Reputation: 23
I'm trying to see if there is a better and more efficient way of doing this:
Sample Data:
df = pd.DataFrame ({'ID' : ['A','A','A','A','B','B','B','B'],
'Month' : [-4,-3,1,2,-3,-2,1,2],
'Cost' : [20,30,10,15,1,2,5,10] })
Then, I groupbyID:
df = df.groupby(ID)
Then, I aggregate the cost with a condition of <0 and >0 in a for loop and save the output to a new dataFrame:
output = pd.DataFrame([])
for group, data in df:
totalPre = 0
totalPost = 0
for row_index, row in data.iterrows():
if row ['Month'] < 0:
totalPre = totalPre + row ['Cost']
elif row['Month'] > 0:
totalPost = totalPost + row ['Cost']
output = output.append(pd.DataFrame({'ID': group, 'Total pre': totalPre,'Total post': totalPost }, index=[0]), ignore_index=True)
And here is the output:
index ID. Total pre Total post
0 A 50 25
1 B 3 15
Thanks.
Upvotes: 2
Views: 217
Reputation: 547
For loops are rarely the only and the best solution in pandas. I would probably create a new column for the pre/post condition and then group by ID
and the new column.

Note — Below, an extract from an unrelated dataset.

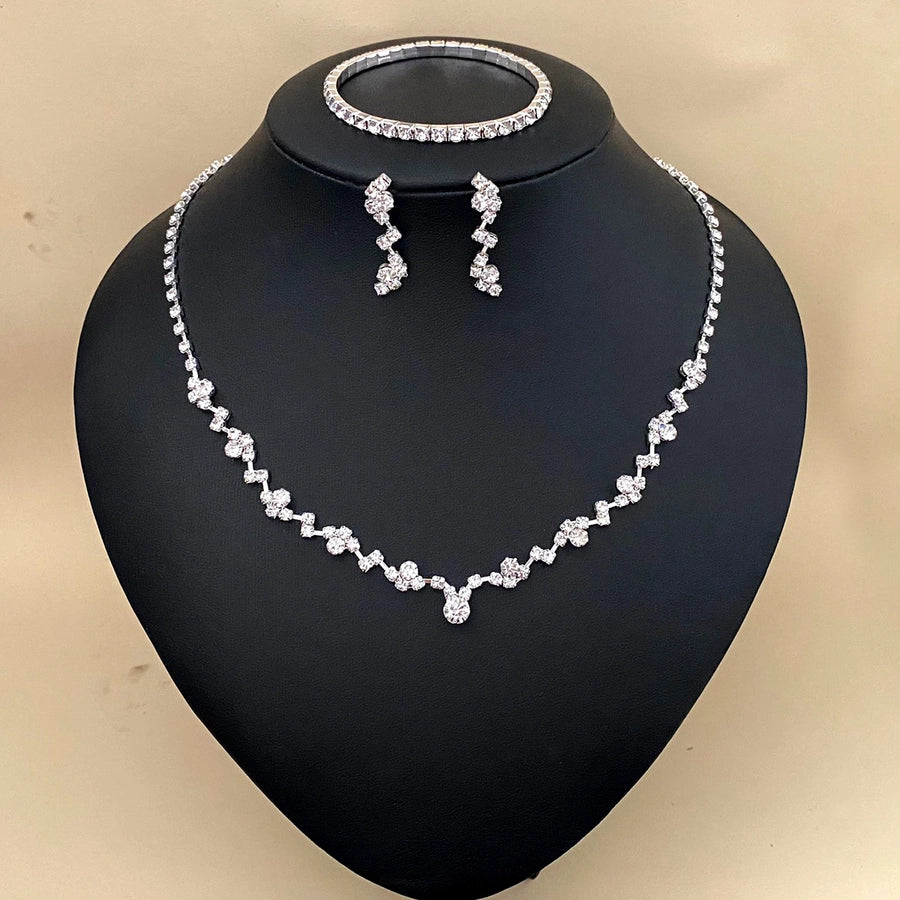 Elegant Lady Streetwear Water Droplets Tassel Heart Shape Copper Alloy Plating Inlay Rhinestones Zircon Women's Earrings Necklace Jewelry Set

Group by creates a DataFrame for every unique combination of values in the columns that you specify and then aggregates the values using a function.
import pandas as pd
import numpy as np
# sample DataFrame
df = pd.DataFrame ({'ID' : ['A','A','A','A','B','B','B','B'],
'Month' : [-4,-3,1,2,-3,-2,1,2],
'Cost' : [20,30,10,15,1,2,5,10] })
# Create a new column `Timepoint` to group by
df['Timepoint'] = (df['Month'] <= 0).replace({True: 'pre', False: 'post'})
# Create a group for each unique combination of `ID` and `Timepoint` and aggregate the `Cost` using the function `sum`.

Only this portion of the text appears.